- Interactive map of Acadia National Cemetery

Details
- Established: 2020
- Location: Jonesboro, Maine
- Country: United States
- Coordinates: 44°38′47″N 67°39′42″W﻿ / ﻿44.64639°N 67.66167°W
- Type: United States National Cemetery
- Size: 6.2 acres (2.5 ha)
- Find a Grave: Acadia National Cemetery

= Acadia National Cemetery =

Veterans cemetery in Washington County, Maine

Acadia National Cemetery is a 6.2 acre Department of Veteran Affairs (VA) national cemetery located in Washington County, Maine. The cemetery will serve the burial needs of veterans, their spouses and eligible family members.

==History and location==
On September 27, 2017, the land at 1799 U. S. Route 1, Jonesboro, Maine was donated to the VA by Worcester Holdings, LLC. Worcester Holdings, LLC was founded by Morrill and Karen Worcester, who also run the nonprofit group Wreaths Across America.
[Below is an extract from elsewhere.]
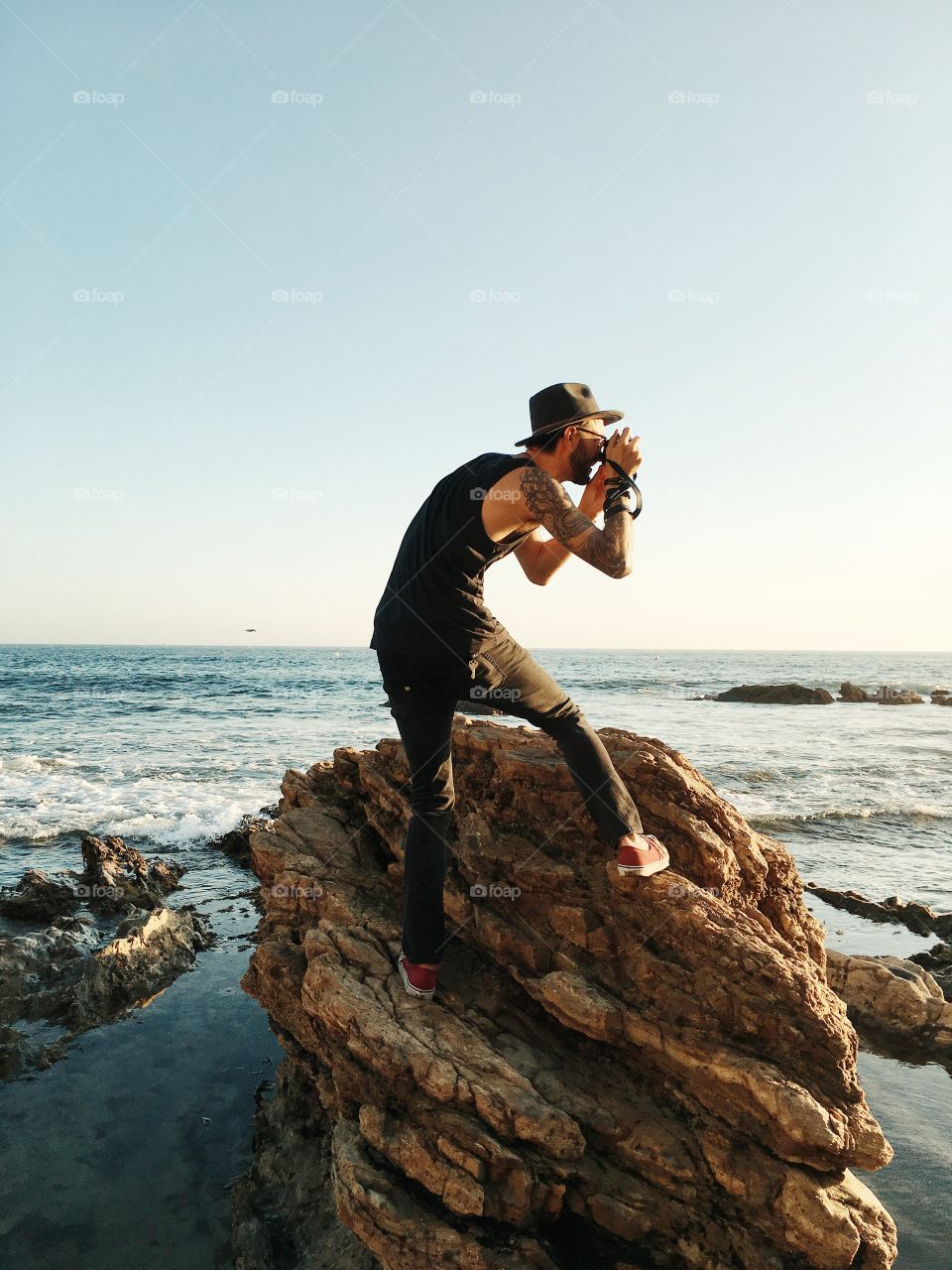 Guy on rocky shore taking photo of sunset.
This cemetery will be the second national cemetery in Maine and is part of the VA National Cemetery Administration Rural Initiative to provide access to VA burial benefits for Veterans who reside rural areas and who have not previously had reasonable access to a national or state Veterans cemetery. Togus National Cemetery in Chelsea, Maine, is the only other VA national cemetery in the state and is currently closed to new interments.
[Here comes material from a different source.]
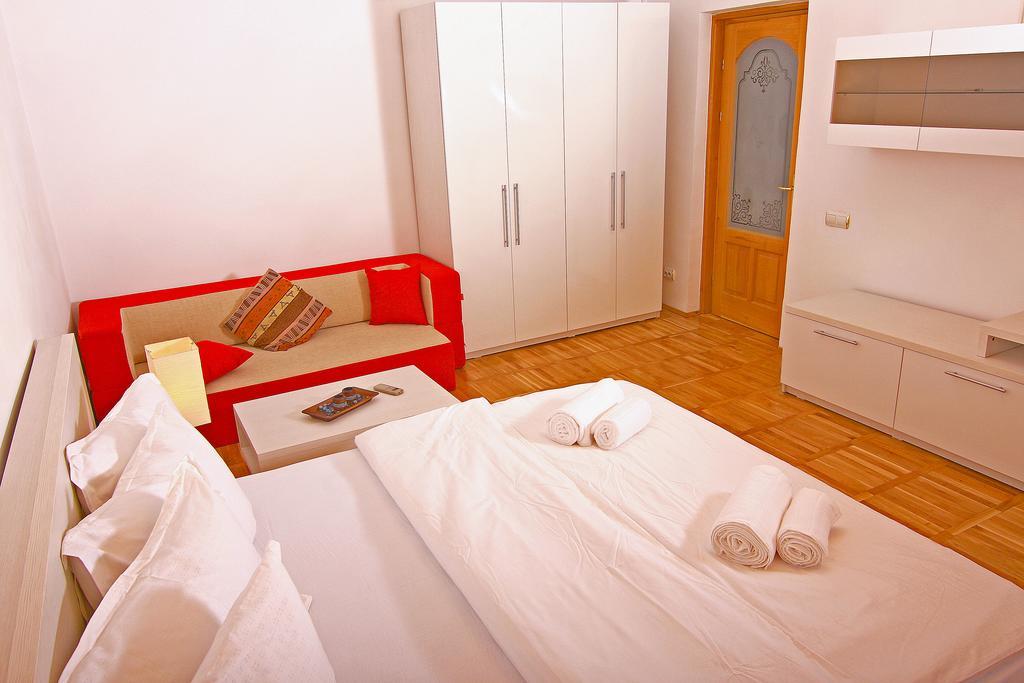 Nirvana Accommodation Βουκουρέστι Δωμάτιο φωτογραφία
A contract to build the cemetery was awarded in August 2018 and is expected to be completed in early 2020. The first phase of cemetery development will offer more than 1,400 casket and cremation spaces. The cemetery will provide burials for caskets, in-ground and columbarium burials for cremations, as well as a memorial wall for remains that are unrecoverable or identified, were buried at sea, donated to science or cremated and remains scattered. The cemetery will have a capacity of 7,086 gravesites when fully constructed.